━━━ Source data ━━━
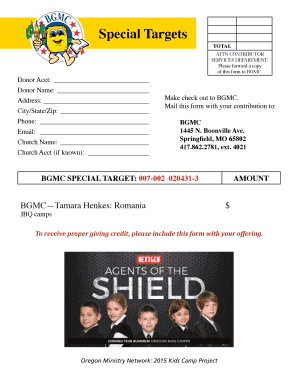 BGMC Special Target Donation Form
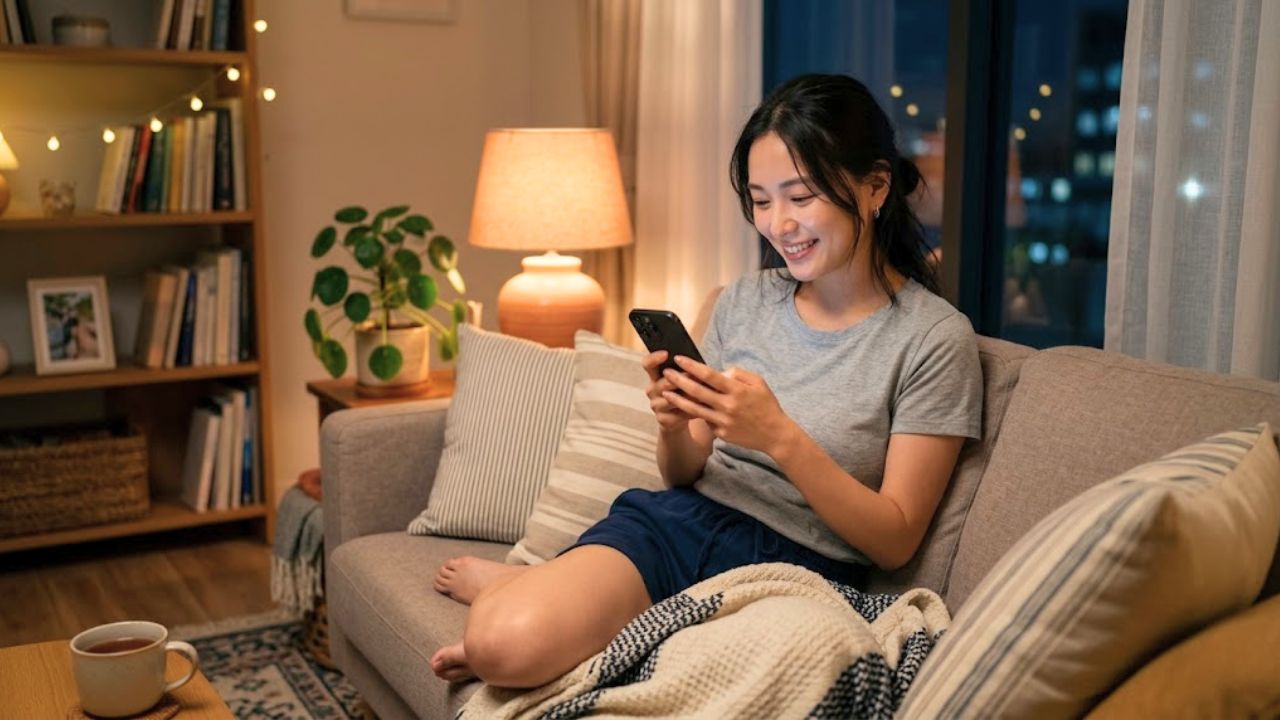 一人で背負うプレッシャーを手放し、パートナーとの繋がりで安心感と女性としての喜びを取り戻して微笑むシングルマザー。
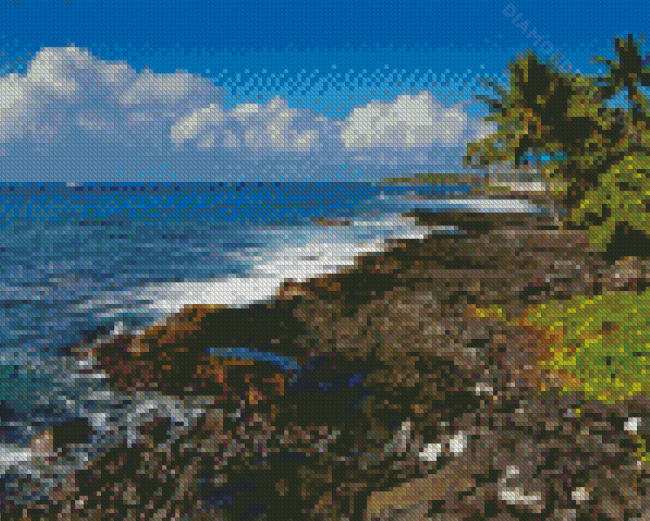 Kailua Kona Beach In Hawaii - Diamond Painting - DiamondPaint.PRO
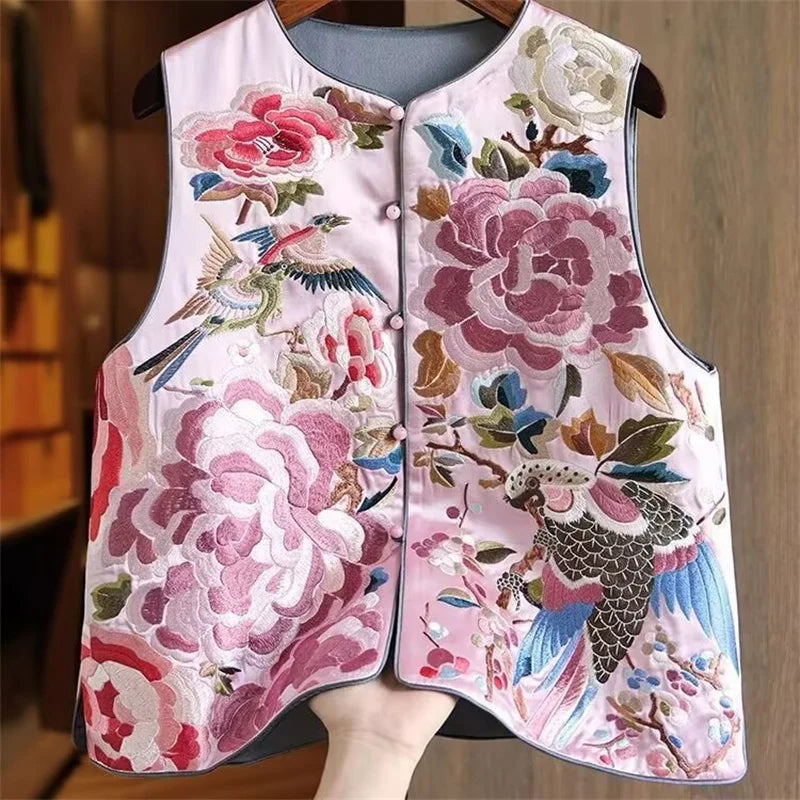 Women's Vest Women's Jackets  New Embroidered Chinese Vest Women Unique and Unique Super Beautiful Light Style Stacked Top Coat - Matrix Studios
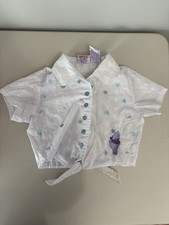 Vintage Disney Pooh Button Up White Eyelet Embroidered Shirt Girls 7/8 Read
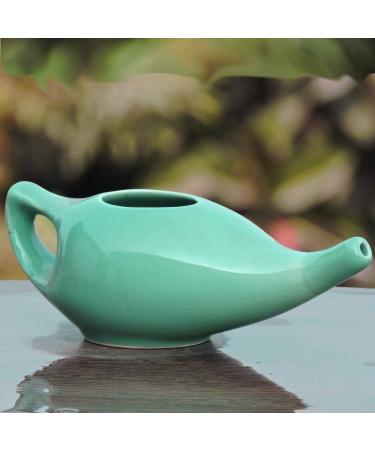 2activelife 225ml Turquoise Ceramic Neti Pot for Sinus Rinse | Premium Grade, Dishwasher Safe | Includes 5 Sachets of Neti Salt - Buy Online on GoSupps.com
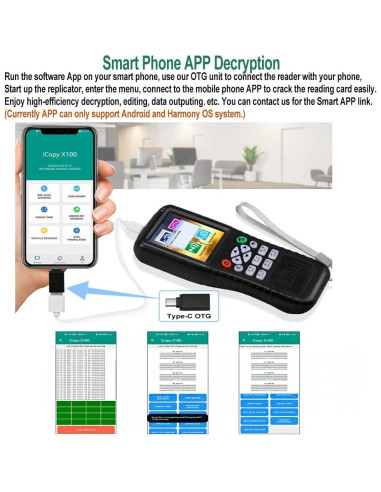 Lector Escritor RFID HENAXSAD HERNAS-X100, 249g, Pantalla 3.2"
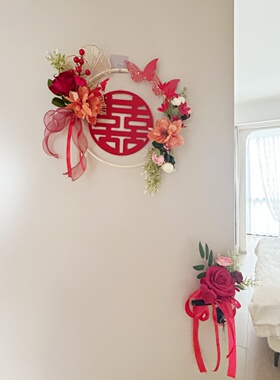 婚房喜字仿真花门贴新品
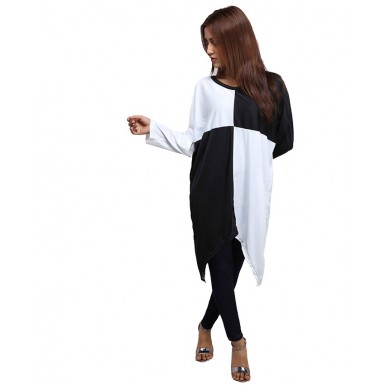 WHITE  BLACK LOOSE TOP FOR WOMEN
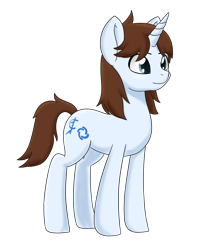 Size: 8000x9456 | Tagged: safe, artist:chedx, oc, oc only, oc:field seeker, species:pony, species:unicorn, absurd resolution, blue eyes, blue fur, brown mane, colored, commission, digital art, full body, male, simple background, solo, stallion, transparent background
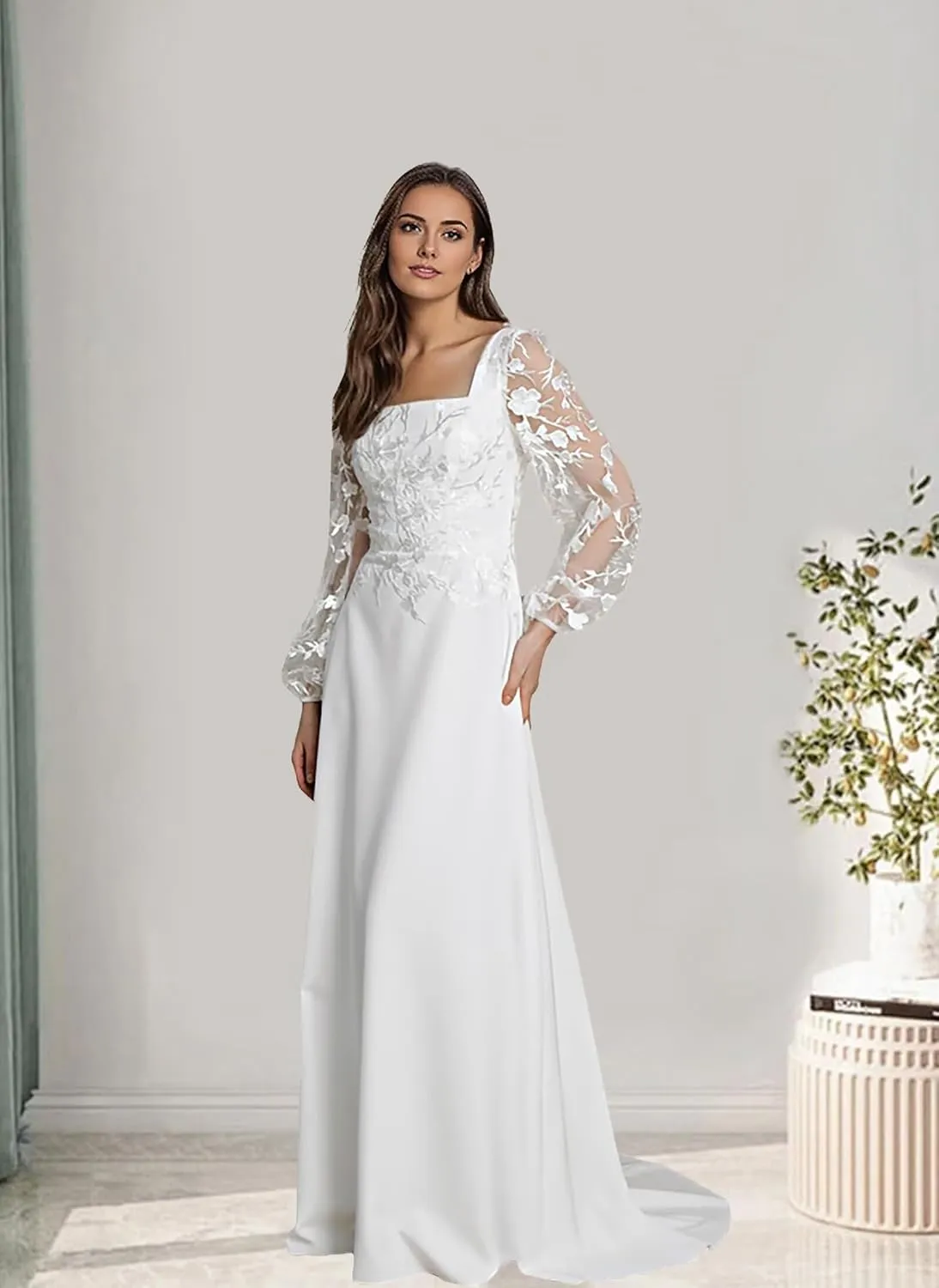 Lace Beach Wedding Dresses for Bride 2025 Long Boho Floral Bridal Wedding Gowns for Women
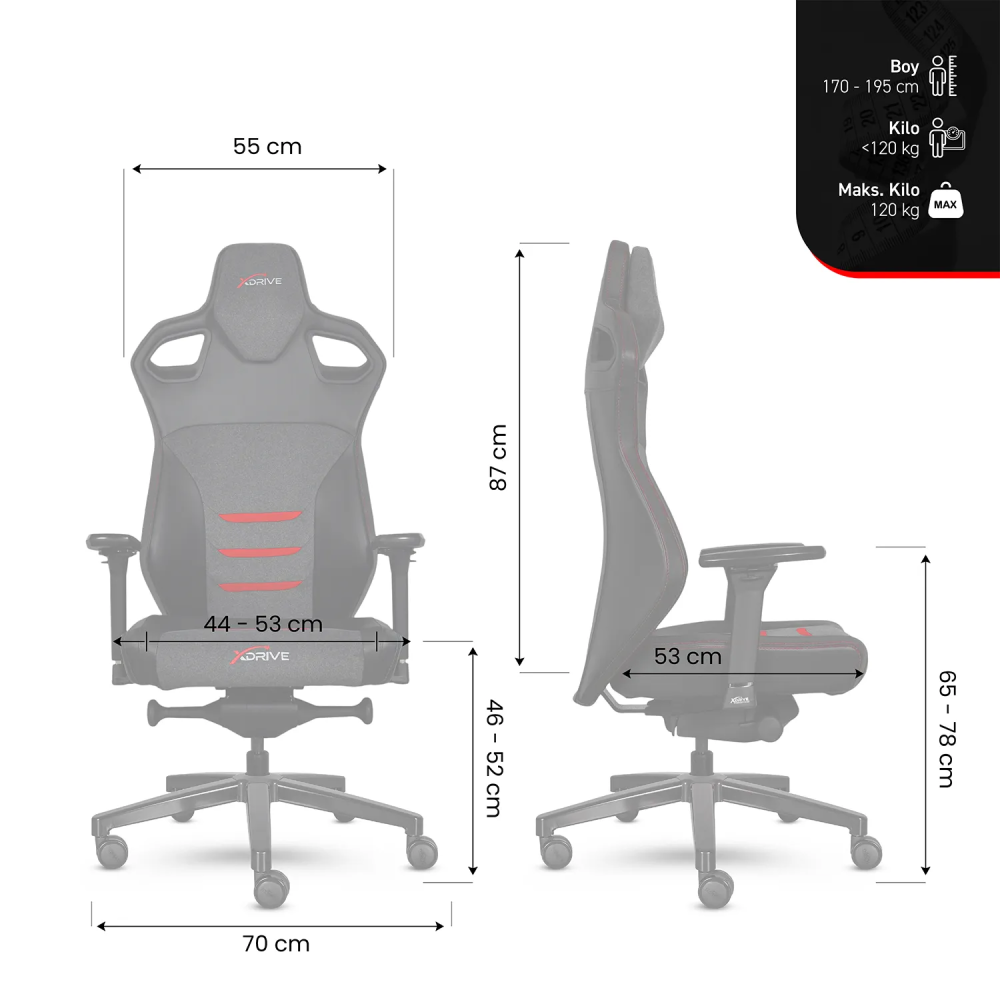 xDrive KARATAY Professional Gaming Chair Fabric Black - 12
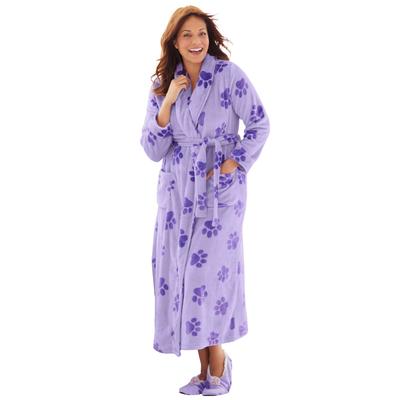 Plus Size Women's Plush Wrap Robe by Dreams & Co. in Soft Iris Paws (Size 34/36)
━━━
* **What you have to do**
From the listing above, repeat only the lines between the line containing "Vintage Disney Pooh" and the line containing "Size: 8000x9456 |", those two included. Pictures are not part of the copy.

* **Expected answer**
 Vintage Disney Pooh Button Up White Eyelet Embroidered Shirt Girls 7/8 Read
 2activelife 225ml Turquoise Ceramic Neti Pot for Sinus Rinse | Premium Grade, Dishwasher Safe | Includes 5 Sachets of Neti Salt - Buy Online on GoSupps.com
 Lector Escritor RFID HENAXSAD HERNAS-X100, 249g, Pantalla 3.2"
 婚房喜字仿真花门贴新品
 WHITE  BLACK LOOSE TOP FOR WOMEN
 Size: 8000x9456 | Tagged: safe, artist:chedx, oc, oc only, oc:field seeker, species:pony, species:unicorn, absurd resolution, blue eyes, blue fur, brown mane, colored, commission, digital art, full body, male, simple background, solo, stallion, transparent background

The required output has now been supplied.